Your answer should be the line containing "чанта Baagl Butterfly" and each line after it through the end of the data below, repeated exactly.

[[ Information, beginning ]]

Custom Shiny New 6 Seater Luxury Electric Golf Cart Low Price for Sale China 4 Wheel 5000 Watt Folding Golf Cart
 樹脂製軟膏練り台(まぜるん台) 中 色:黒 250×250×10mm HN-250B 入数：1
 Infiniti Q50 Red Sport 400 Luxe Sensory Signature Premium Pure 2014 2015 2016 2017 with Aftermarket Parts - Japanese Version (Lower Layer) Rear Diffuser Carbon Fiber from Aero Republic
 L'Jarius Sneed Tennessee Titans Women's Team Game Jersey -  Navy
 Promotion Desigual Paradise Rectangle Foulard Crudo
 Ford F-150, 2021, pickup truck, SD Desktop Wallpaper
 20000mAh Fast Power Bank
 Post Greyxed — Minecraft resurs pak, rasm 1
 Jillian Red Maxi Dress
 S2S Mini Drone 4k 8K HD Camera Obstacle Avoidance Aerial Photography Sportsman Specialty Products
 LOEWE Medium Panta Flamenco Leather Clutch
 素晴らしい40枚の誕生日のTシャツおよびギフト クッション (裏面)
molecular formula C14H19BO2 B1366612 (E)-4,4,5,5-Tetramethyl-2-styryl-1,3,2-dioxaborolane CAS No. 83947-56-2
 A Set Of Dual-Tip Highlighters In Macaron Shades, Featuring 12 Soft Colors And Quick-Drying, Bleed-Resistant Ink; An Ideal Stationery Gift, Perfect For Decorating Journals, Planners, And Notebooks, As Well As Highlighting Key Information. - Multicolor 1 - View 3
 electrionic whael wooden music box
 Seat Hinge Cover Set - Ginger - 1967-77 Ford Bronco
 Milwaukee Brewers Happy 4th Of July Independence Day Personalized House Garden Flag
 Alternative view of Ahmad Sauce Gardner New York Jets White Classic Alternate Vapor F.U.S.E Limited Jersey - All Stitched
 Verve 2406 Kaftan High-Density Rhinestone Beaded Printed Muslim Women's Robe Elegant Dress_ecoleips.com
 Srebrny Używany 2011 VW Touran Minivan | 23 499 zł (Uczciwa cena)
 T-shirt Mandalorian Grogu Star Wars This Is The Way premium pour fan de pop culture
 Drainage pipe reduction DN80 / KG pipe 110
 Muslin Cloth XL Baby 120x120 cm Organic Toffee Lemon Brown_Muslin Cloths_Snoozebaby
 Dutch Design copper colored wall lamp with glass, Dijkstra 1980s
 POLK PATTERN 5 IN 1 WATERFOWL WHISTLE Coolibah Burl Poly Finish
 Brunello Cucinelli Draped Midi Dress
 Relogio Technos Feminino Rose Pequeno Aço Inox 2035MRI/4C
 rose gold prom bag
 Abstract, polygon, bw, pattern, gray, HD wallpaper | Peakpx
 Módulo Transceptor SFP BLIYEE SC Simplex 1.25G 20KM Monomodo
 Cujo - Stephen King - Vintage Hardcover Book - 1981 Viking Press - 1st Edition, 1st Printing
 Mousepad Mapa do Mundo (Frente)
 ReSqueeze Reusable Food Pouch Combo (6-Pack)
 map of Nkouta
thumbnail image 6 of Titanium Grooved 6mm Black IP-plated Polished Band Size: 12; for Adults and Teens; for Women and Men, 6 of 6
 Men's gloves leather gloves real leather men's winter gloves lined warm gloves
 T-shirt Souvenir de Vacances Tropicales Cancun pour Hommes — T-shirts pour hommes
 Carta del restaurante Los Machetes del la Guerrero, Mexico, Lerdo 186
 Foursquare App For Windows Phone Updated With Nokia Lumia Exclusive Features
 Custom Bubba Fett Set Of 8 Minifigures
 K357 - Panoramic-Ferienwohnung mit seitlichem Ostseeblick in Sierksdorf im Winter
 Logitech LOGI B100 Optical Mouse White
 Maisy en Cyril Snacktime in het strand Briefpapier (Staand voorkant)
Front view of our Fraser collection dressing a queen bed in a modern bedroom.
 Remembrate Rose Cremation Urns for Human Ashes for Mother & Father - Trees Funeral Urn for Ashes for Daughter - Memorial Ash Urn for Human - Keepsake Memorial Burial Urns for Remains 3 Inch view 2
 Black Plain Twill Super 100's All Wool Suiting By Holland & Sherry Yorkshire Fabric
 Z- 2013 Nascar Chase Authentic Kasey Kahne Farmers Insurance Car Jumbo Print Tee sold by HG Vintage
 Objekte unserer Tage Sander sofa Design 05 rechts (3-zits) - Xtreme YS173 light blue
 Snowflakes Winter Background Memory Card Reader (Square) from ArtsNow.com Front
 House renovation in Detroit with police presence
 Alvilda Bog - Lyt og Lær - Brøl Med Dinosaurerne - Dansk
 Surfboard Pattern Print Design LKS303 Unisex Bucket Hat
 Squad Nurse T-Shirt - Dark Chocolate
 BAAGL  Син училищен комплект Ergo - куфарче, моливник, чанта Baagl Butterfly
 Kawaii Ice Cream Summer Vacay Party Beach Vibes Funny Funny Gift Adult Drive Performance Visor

[[ Information, end ]]

-- Solution for this problem --
 BAAGL  Син училищен комплект Ergo - куфарче, моливник, чанта Baagl Butterfly
 Kawaii Ice Cream Summer Vacay Party Beach Vibes Funny Funny Gift Adult Drive Performance Visor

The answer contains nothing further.